[[ DATA FOR REVIEW, beginning ]]
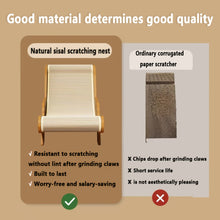 Load image into Gallery viewer, Cat Hammock with Scratch Board
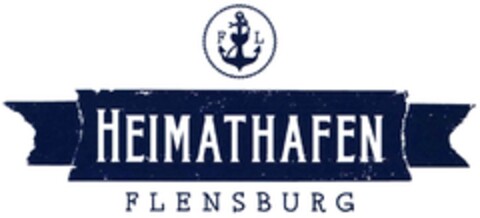 HEIMATHAFEN FLENSBURG Logo (DPMA, 06/10/2015)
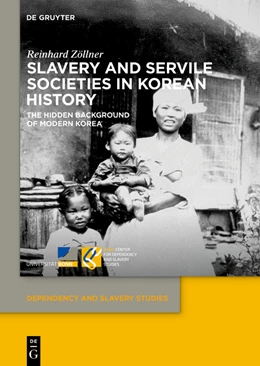Abbildung von Zöllner | Slavery and Servile Societies in Korean History | 1. Auflage | 2025 | beck-shop.de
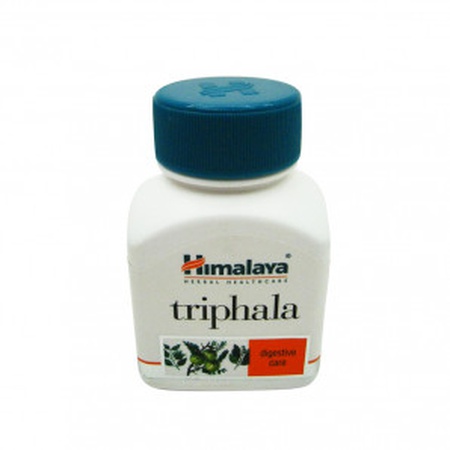 Трифала (Triphala) Himalaya 60 таб. Натуральный продукт из Индии – трифала | Triphala Himalaya | Гималаи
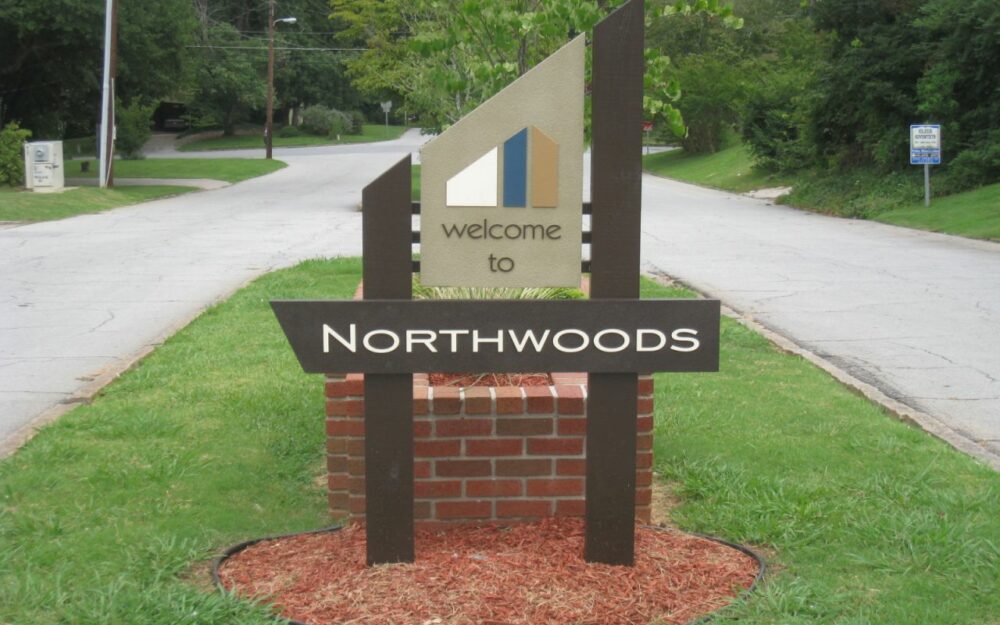 Northwoods Neighborhood – A Mid-Century Modern Treasure Trove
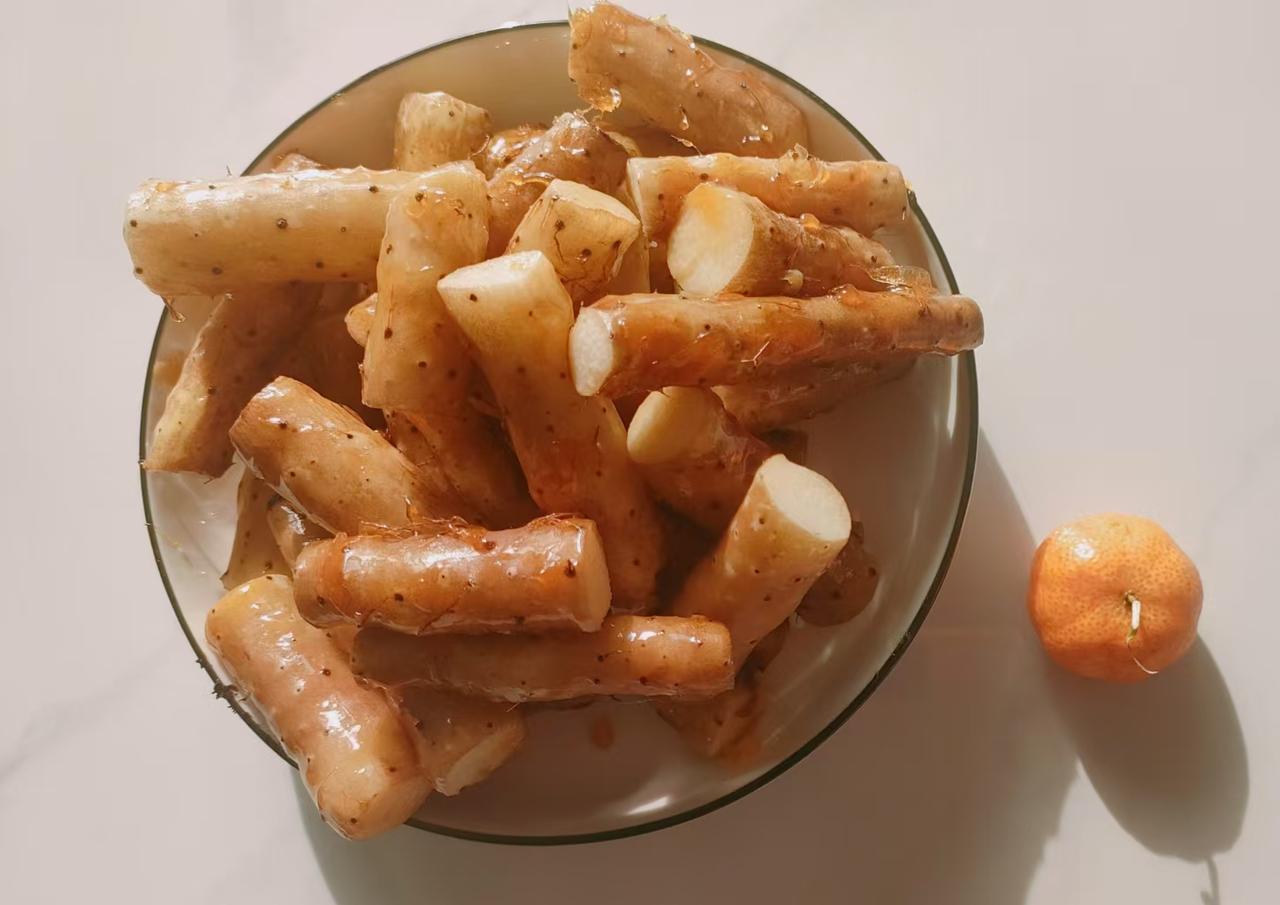 拔丝山药哪里特色菜(拔丝山药哪里特色菜最正宗)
[[ DATA FOR REVIEW, end ]]
Beginning with the line that contains "Abbildung von Zöllner", write out the remaining lines of the listing above through the last, exactly and only those, without pictures.

## [EXERCISE OUTPUT]
Abbildung von Zöllner | Slavery and Servile Societies in Korean History | 1. Auflage | 2025 | beck-shop.de
 Трифала (Triphala) Himalaya 60 таб. Натуральный продукт из Индии – трифала | Triphala Himalaya | Гималаи
 Northwoods Neighborhood – A Mid-Century Modern Treasure Trove
 拔丝山药哪里特色菜(拔丝山药哪里特色菜最正宗)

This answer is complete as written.